Hornblower also argued that the prohibition imposed on Champagne was overly broad because it included other human characteristics in addition to sexual orientation.

Robbin said it’s not unreasonable for the court to include in its injunction order other characteristics against someone who acted in bias against someone based on one of the protected characteristics. The order is reasonable because it requires that Champagne comply with the civil rights law and not use violence or threats of violence against people based on their characteristics that are protected in Maine, she said.

Hornblower told the seven justices that Champagne is a “good man” who serves the young and old, male and female, able and disabled, black and white, foreign and native born as an automotive mechanic at a small garage in Turner.

Champagne committed an “inexcusable and life-changing series of mistakes during a time of religious fervor.” At the boat launch, there was “illegal, lewd behavior going on that was of concern to the law enforcement community.” Champagne had decided that one of the people there was “committing in public illicit acts that was an affront to children, family and to his religion.”

Hornblower called his client a “diminished citizen” due to the constraints put on him by the court’s order.

Justice Andrew Mead asked why someone who has exhibited a “predisposition, a proclivity, a willingness to really egregiously and violently attack a person because of perceived sexual orientation and that that willingness to commit such a violent act creates a circumstance where we need a broad order to say, ‘What if he does harbor a hostility based upon religion and he has an antisemitic predisposition we simply don’t know about, this is a dangerous man.’ Why not cast a wide net to catch all the possible things he may do in the future?”

Hornblower said he demonstrated during a hearing on the injunction that Champagne doesn’t harbor hostility against people with other characteristics protected under the Maine Civil Rights Act.
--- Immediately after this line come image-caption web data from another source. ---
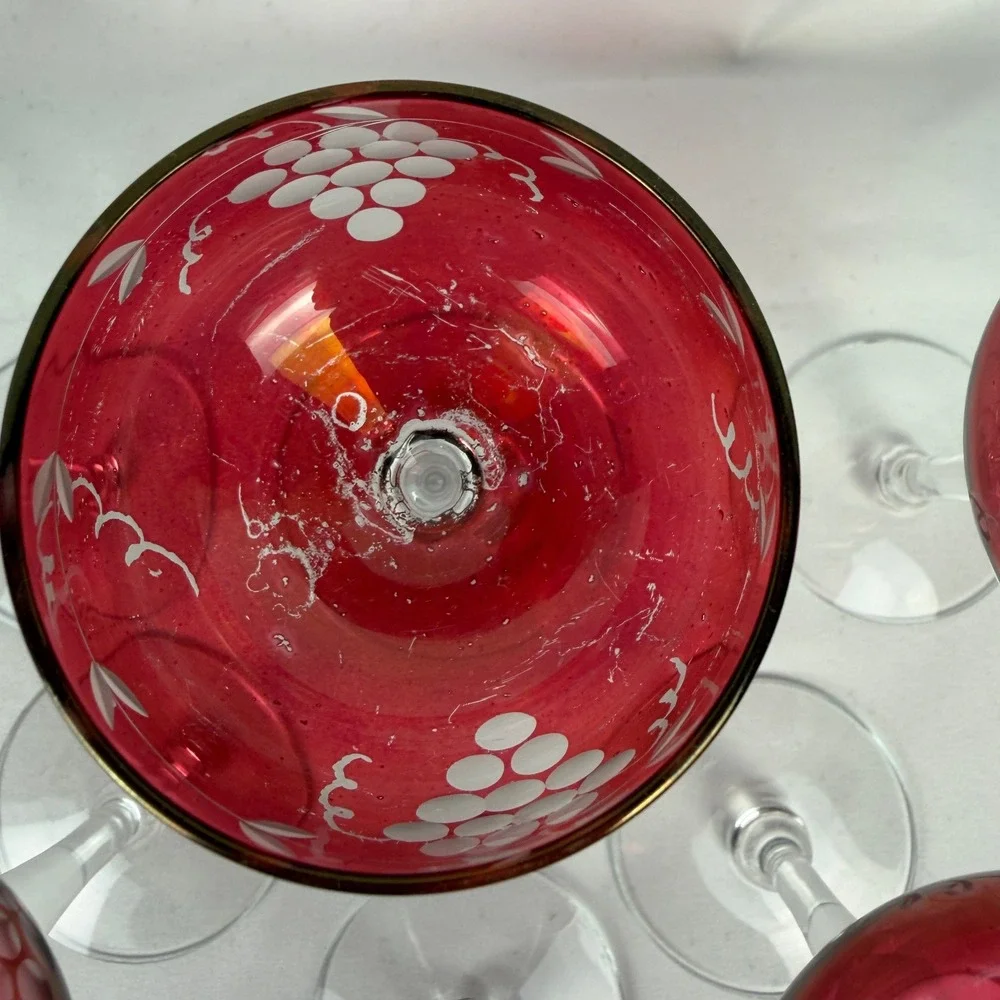 Vintage Cranberry Glass Cordial Set 6 Red Etched Grape Vine Clear Stem Barware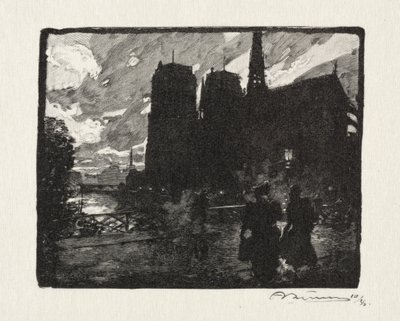 Notre Dame, večer od Unknown artist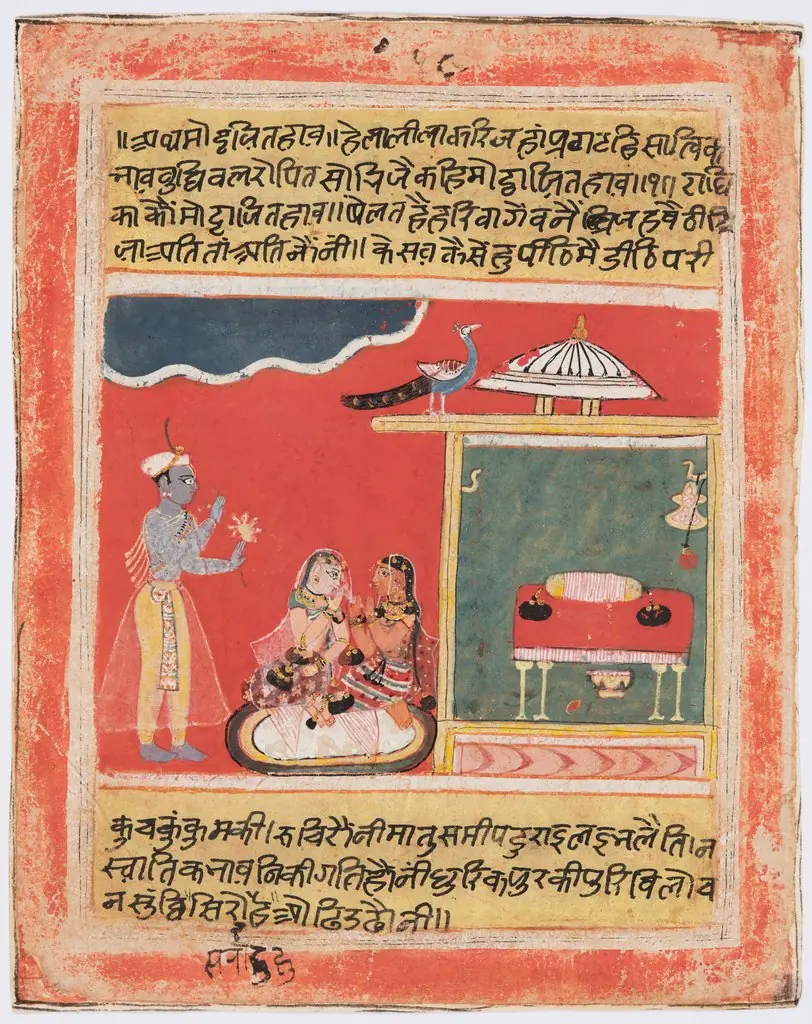 Krishna and Radha Avoid Embarrassment: Mottaita Bhava, from a Rasikapriya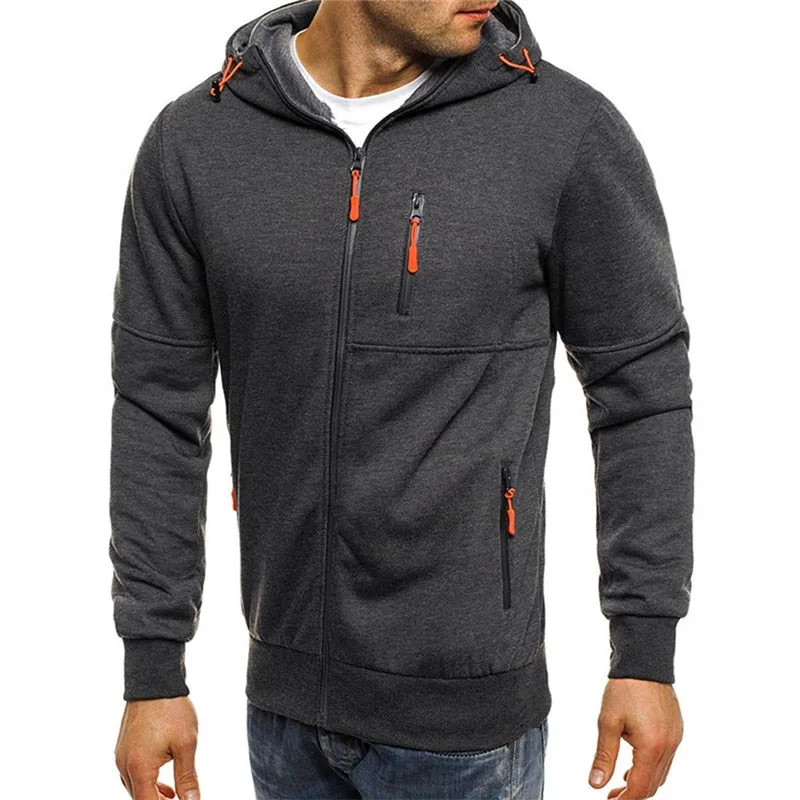 Men's Casual Hoodies Zipper Fashion Hooded Jacket Brand Solid Color Hoodie Sweatshirt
The injunction places an additional onus on him as he serves a broad spectrum of clients at his business, fearing that any of them might use the injunction against him, Hornblower said.

Justice Jeffrey Hjelm asked Hornblower why he didn’t argue that the injunction against Champagne should only have applied to Groleau as the named victim and not to any person based on sexual orientation?

Hornblower said he wished he had made that argument.

Robbins said Champagne only needs to worry about violating the terms of the injunction if he engages in violence or threats of violence against anyone with a characteristic protected under the Maine Civil Rights Act.

Worrying for any other reason is “just absurd,” she said.

“It’s only if Mr. Champagne then acts out against that Somali customer with violence or threats of violence because he’s angry with him over a business dispute. I suggest to you that given his actions in this case, he is one bad business dispute away from coloring other groups of people with the same brush he colored based upon his bias against sexual orientation.”

Justice Donald Alexander asked Robbin whether the injunction isn’t, in effect, a “universal injunction against committing crimes?”

Robbin said she wouldn’t characterize it that way. Instead, it’s specifically described in terms of violating the Maine Civil Rights Act, she said. It says Champagne should comply with the civil rights law that he broke.

In response to Hornblower’s argument that his client was exercising his First Amendment right under the Constitution, Robbin said, “We are not going to bring a case if someone is just yelling odious terms as long as they are not connected, as they were in this case, with a threat to violence and acts of violence. We have no authority to regulate hate speech. It’s only hate speech that’s connected with conduct.”

The high court took the arguments under advisement. It is not expected to issue a decision in the near future.